> _Short text fragments from websites_:
<<<<
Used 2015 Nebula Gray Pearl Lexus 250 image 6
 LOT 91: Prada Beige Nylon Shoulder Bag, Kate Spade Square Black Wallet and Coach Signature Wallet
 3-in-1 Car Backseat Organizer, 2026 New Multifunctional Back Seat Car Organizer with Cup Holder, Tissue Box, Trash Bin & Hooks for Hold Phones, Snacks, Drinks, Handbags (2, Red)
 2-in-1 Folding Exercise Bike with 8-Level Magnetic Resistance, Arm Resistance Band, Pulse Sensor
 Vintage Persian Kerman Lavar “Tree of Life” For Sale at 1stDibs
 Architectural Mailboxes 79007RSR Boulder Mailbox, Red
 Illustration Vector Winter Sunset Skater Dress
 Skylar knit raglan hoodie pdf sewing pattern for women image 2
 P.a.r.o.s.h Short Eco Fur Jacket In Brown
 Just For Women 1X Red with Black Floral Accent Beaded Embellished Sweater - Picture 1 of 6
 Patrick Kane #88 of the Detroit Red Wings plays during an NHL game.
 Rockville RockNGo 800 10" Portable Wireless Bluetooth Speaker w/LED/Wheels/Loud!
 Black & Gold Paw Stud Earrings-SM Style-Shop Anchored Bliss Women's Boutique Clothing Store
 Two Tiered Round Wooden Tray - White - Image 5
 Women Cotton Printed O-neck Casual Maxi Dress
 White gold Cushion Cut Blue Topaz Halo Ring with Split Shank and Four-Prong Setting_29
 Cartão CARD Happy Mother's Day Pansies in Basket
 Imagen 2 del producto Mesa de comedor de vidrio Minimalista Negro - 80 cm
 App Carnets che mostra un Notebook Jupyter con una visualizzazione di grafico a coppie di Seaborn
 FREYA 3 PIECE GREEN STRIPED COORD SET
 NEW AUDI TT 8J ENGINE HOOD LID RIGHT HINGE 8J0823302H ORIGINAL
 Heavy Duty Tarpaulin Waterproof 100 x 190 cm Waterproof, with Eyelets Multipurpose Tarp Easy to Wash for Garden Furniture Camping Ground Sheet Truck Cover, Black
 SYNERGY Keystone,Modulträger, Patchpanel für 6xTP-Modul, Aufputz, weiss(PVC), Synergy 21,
>>>>
> _Task to complete_: From the records above, print exactly the lines that run from the line with "P.a.r.o.s.h Short Eco Fur Jacket In Brown" to the line with "NEW AUDI TT", inclusive.

> _Response below_:
 P.a.r.o.s.h Short Eco Fur Jacket In Brown
 Just For Women 1X Red with Black Floral Accent Beaded Embellished Sweater - Picture 1 of 6
 Patrick Kane #88 of the Detroit Red Wings plays during an NHL game.
 Rockville RockNGo 800 10" Portable Wireless Bluetooth Speaker w/LED/Wheels/Loud!
 Black & Gold Paw Stud Earrings-SM Style-Shop Anchored Bliss Women's Boutique Clothing Store
 Two Tiered Round Wooden Tray - White - Image 5
 Women Cotton Printed O-neck Casual Maxi Dress
 White gold Cushion Cut Blue Topaz Halo Ring with Split Shank and Four-Prong Setting_29
 Cartão CARD Happy Mother's Day Pansies in Basket
 Imagen 2 del producto Mesa de comedor de vidrio Minimalista Negro - 80 cm
 App Carnets che mostra un Notebook Jupyter con una visualizzazione di grafico a coppie di Seaborn
 FREYA 3 PIECE GREEN STRIPED COORD SET
 NEW AUDI TT 8J ENGINE HOOD LID RIGHT HINGE 8J0823302H ORIGINAL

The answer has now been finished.